American Indian College of the Assemblies of God
Arizona State University
Arizona State University East
Arizona State University West
DeVry University-Phoenix
Embry-Riddle Aeronautical University
Grand Canyon University
Northcentral University
Northern Arizona University

.. and so on, where in this case Alabama, Alaska and Arizona are locations and everything else are universities. What I want to do is load the location into a table called Location and the Universities into a table called University, where the Id of the Location table is a FK to the University table, like this:

CREATE TABLE Location (
Id          SERIAL PRIMARY KEY,
Name        TEXT
);

CREATE TABLE University (
Id          SERIAL PRIMARY KEY,
Location    INTEGER REFERENCES Location (Id) NOT NULL,
Name        TEXT
);

So what I want to do in Postgres is something like this:

for (int i=0 until i = universities.size()  i++){
//each entry in the universities vector is a tuple with the first entry being the country/state
//and the second entry being a vector of the universities as String's
Vector tuple = (Vector)universities.get(i);
//insert into location table
String state = (String)tuple.get(0); 
Vector u = (Vector)tuple.get(1);
for(int j=0; until j =u.size(); j++){
//insert into university table with i as FK to location table

Anyone knows how to do this?

Was it helpful?

Solution

Here is a pure SQL solution.

Use COPY to import your file into a temporary table and one DML statement with data modifying CTEs (requires PostgreSQL 9.1 or later) to do the rest. Should be fast for both steps:

Temporary table with a single text column ( dropped automatically at end of session):

CREATE TEMP TABLE tmp (txt text);

Import data from file:

COPY tmp FROM '/path/to/file.txt'

If you are doing this from a remote client, use the meta command \copy of psql instead.

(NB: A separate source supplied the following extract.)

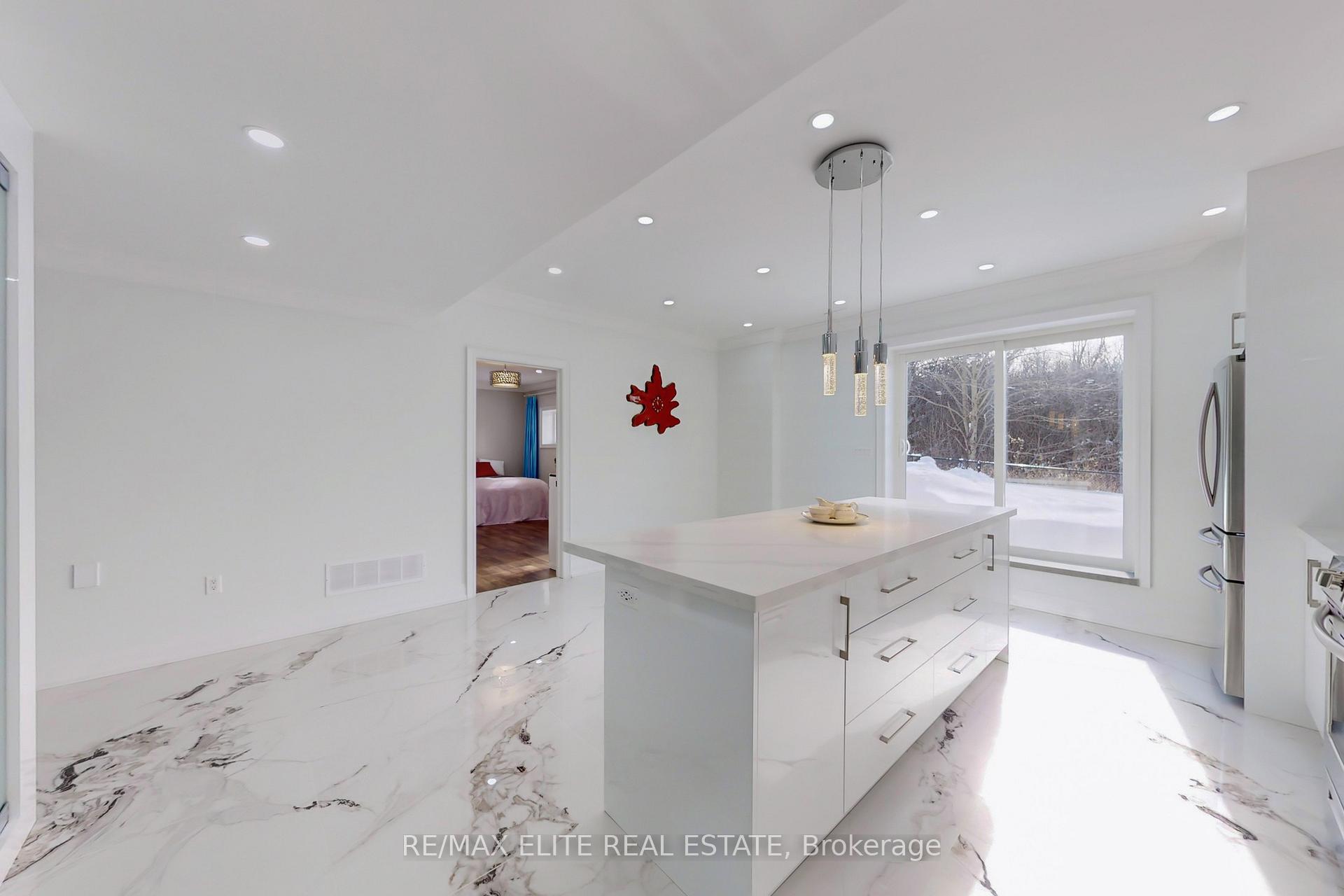 Photo 40 of 105 Bridgepointe Court, Aurora, Rural Aurora — HOMEH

My solution depends on the data format displayed in the question. I.e.: there is an empty row before and after a city. I assume actual empty strings in the import file. Make sure to have a leading row with an empty string before the first city to avoid a special case.

Rows will be inserted in order. I use that for the following window functions without ordering.

WITH x AS (
    SELECT txt
          ,row_number() OVER () AS rn
          ,lead(txt) OVER () = '' AND
            lag(txt) OVER () = '' AS city
    FROM   tmp                -- don't remove empty rows just yet
    ), y AS (
    SELECT txt, city
          ,sum(city::int) OVER w AS id
    FROM   x
    WHERE  txt <> ''          -- remove empty rows now
    WINDOW w AS (ORDER BY rn)
    ), l AS (
    INSERT INTO location (id, name)
    SELECT id, txt
    FROM   y
    WHERE  city
    ), u AS (
    INSERT INTO university u (location, name)
    SELECT id, txt
    FROM   y
    WHERE  NOT city
    )
SELECT setval('location_id_seq', max(id))
FROM   y;

Voilá.

  • CTE x marks cities based on an empty string value in the rows before and after them.

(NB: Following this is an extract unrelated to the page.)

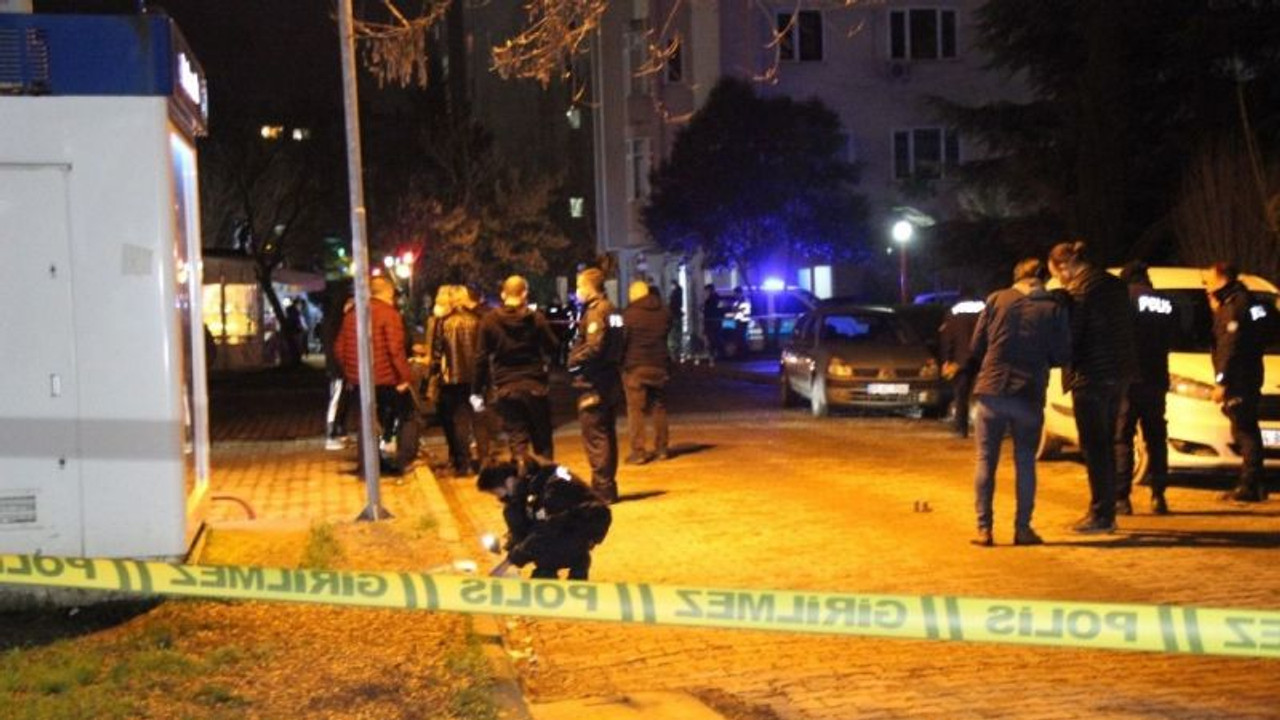 Sokak ortasında silahlı saldırı: 2 yaralı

  • CTE y adds a running sum of cities (id), thereby forming a perfectly valid id for each city and its unis.

  • CTEs l and u do the inserting, which is now easy.

  • The final SELECT sets the next value for the sequence attached to location.id. We have not been using it, so we must set it to the current maximum value or we run into duplicate key errors with future INSERTs to location.

OTHER TIPS

Transforming the original into a table is the safest way... then you can just upload it with COPY.

BEGIN { bl=0; body=0; header=""; } 
$0 == "" && body==1 && header!="" { header=""; body=0; bl=1; next; }
$0 == "" && body==0 { bl=1; next; }
$0 != "" && header=="" { header=$0; bl=0; next; }
$0 != "" && bl==1 && header!="" { body=1; print header, ",", $0 }

something like that AWK would turn your file into a table which you could then upload with a straight psql copy statement:

COPY university_data_file_table FROM awk-mashed-file;

then you could transform that table into your separate ones:

CREATE TABLE country AS SELECT DISTINCT country FROM university_data_file_table;
CREATE TABLE university AS SELECT country.id, udft.university FROM country, university_data_file_table udft WHERE udft.country = country.country;

Something like that would be easily scriptable with a psql script. As I say, you do have to do the initial transform.